The World Bank Group and International Monetary Fund have urged all bilateral creditors to suspend debt payment from Nigeria and 75 other International Development Association (IDA) countries that request forbearance.
The IMF noted that the continued spread of the coronavirus pandemic in sub-Saharan Africa would adversely affect the region’s economic growth, with direct disruptions to people’s livelihoods, tighter financial conditions, reduced trade and investment as well as substantial decline in commodity prices.
The Breton Woods institutions, which listed Nigeria as one of the IDA countries qualified to benefit from the debt relief for the poorest countries; in a joint statement issued in Washington DC to the G20 stated that “the coronavirus outbreak is likely to have severe economic and social consequences for International Development Association, IDA countries, home to a quarter of the world’s population and two-thirds of the world’s population living in extreme poverty.

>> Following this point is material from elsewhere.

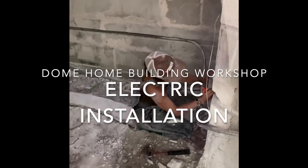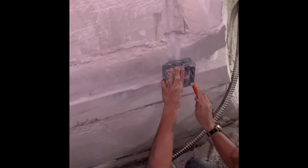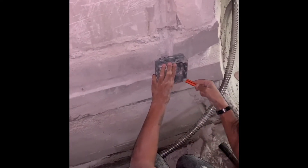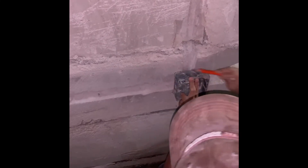Annika and I are here putting the electric in the dome. She is measuring out and marking out where she has to dig in the aircrete to put a junction box there. The reason we need that box there is so that we can put a switch here and lights there and there.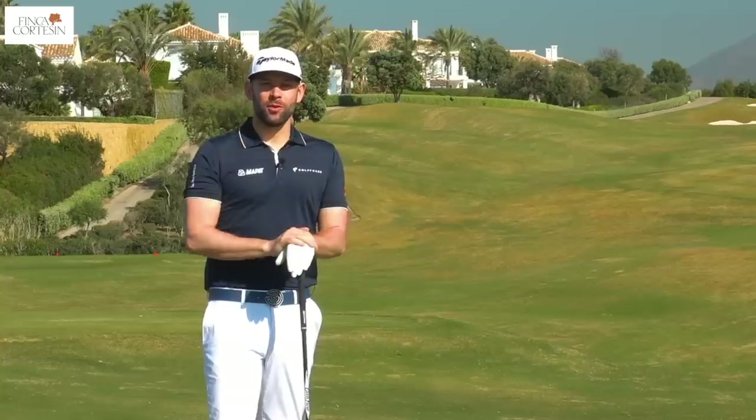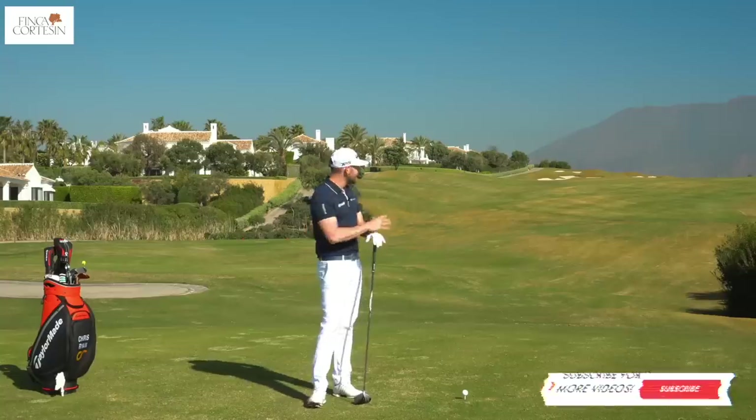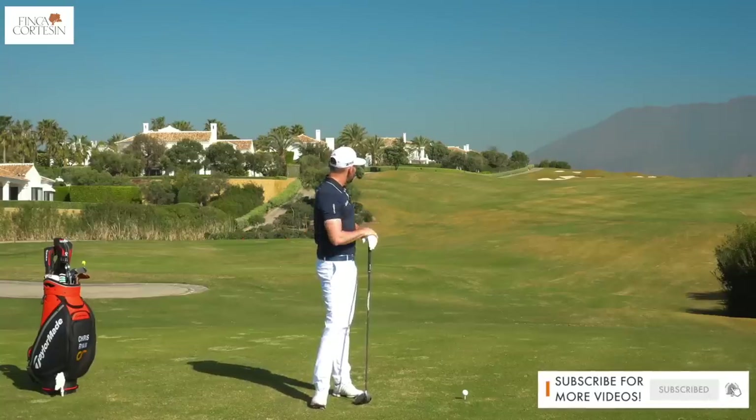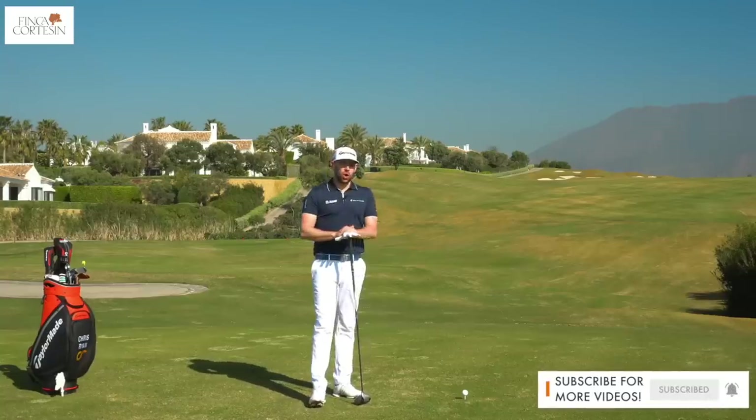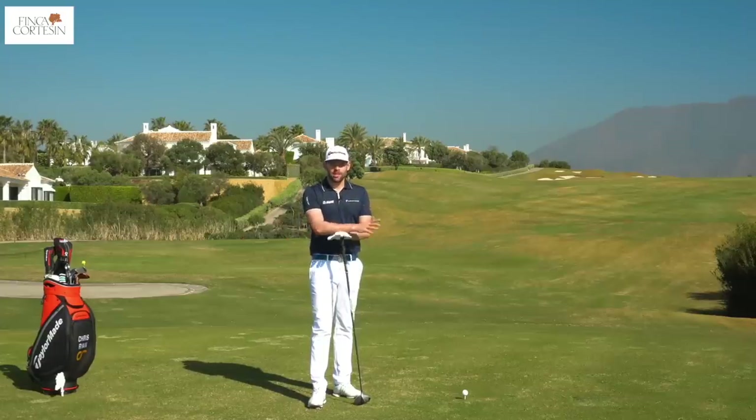This is one of the top five courses in Spain, so if you're looking to play a fantastic golf course and you're in the area this is definitely one to check out. This is the 18th hole par five up over the hill, so it's really important that I get a good tee shot away — and that's exactly what we're going to talk about in this video. We're going to focus very much on the backswing because that first video talked about the setup. If you didn't see that one I will link it in the corner here.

“With immediate effect-and consistent with national laws of the creditor countries-the World Bank Group and the International Monetary Fund call on all official bilateral creditors to suspend debt payments from IDA countries that request forbearance. This will help with IDA countries’ immediate liquidity needs to tackle challenges posed by the coronavirus outbreak and allow time for an assessment of the crisis impact and financing needs for each country.
“We invite G20 leaders to task the WBG and the IMF to make these assessments, including identifying the countries with unsustainable debt situations, and to prepare a proposal for comprehensive action by official bilateral creditors to address both the financing and debt relief needs of IDA countries. We will seek endorsement for the Proposal at the Development Committee during the Spring Meetings (April 16-17)”, the two institutions promised.
They expressed believe that it had become imperative “at this moment to provide a global sense of relief for developing countries as well as a strong signal to financial markets. The international community would welcome G20 support for this Call to Action”.
In a blog posting on the IMF’s website, top officials in the Fund’s Africa Department said they had received requests for emergency financing from over 20 nations in the region and expect at least 10 more soon.
The IMF Managing Director, Kristalina Georgieva confirmed that some 80 countries had requested loans from emergency facilities, under which some $50 billion is available, with at least 20 more requests expected.
The Director of the IMF Africa Department, Abebe Aemro Selassie, and Karen Ongley, mission chief for Sierra Leone, wrote in the blog posting that: “Across the region, growth will be hit hard. Precisely how hard is still difficult to say. But it is clear that our growth forecast in April’s regional outlook will be significantly lower.
“During the global financial crisis more than a decade ago, African countries were spared the brunt of the economic impact, because many were less integrated with global financial markets and supply chains. Debt levels were lower too and countries had more room to increase spending to boost growth. In the coronavirus pandemic, a number of countries have closed borders and limited public gatherings, which will cut many off from paid work.
“For society’s most vulnerable in the region, ‘social distancing’ is not realistic. The notion of working from home is only possible for the few”, they stressed.
This is even as they pointed out that disruptions to livelihoods will mean less income, less spending, and fewer jobs. Closed borders mean that travel and tourism will dry up, along with trade and shipping.
“The partial shutdown of major economies means that global demand will fall, further disrupting supply chains and trade. And tighter global financial conditions will limit access to finance and delay investments and development projects, they wrote “with oil prices down 50% since the start of 2020, the impact on oil exporters in Africa will be substantial.
“We estimate that each 10% decline in oil prices will, on average, lower growth in oil exporters by 0.6% and increase overall fiscal deficits by 0.8% of GDP”, the duo added.
Even then, Selassie and Ongley recommended increased fiscal spending – first on public health, but also to provide broad economic support, including cash transfers to individuals and households under strain.
“Where feasible, governments should consider targeted and temporary support for hard-hit sectors such as tourism. For instance, temporary tax relief through targeted reductions or delays in paying taxes could help address cash flow shortfalls for affected businesses,” they canvassed.
According to the World Bank Group, “eligibility for IDA support depends first and foremost on a country’s relative poverty, defined as GNI per capita below an established threshold of $1,175 in fiscal year 2020.
IDA also supports some countries, including several small island economies, that are above the operational cutoff but lack the creditworthiness needed to borrow from the International Bank for Reconstruction and Development IBRD.
“Some countries such as Nigeria and Pakistan, are IDA-eligible based on per capita income levels and are also creditworthy for some IBRD borrowing. They are referred to as “blend” countries. 76 countries are currently eligible to receive IDA resources”.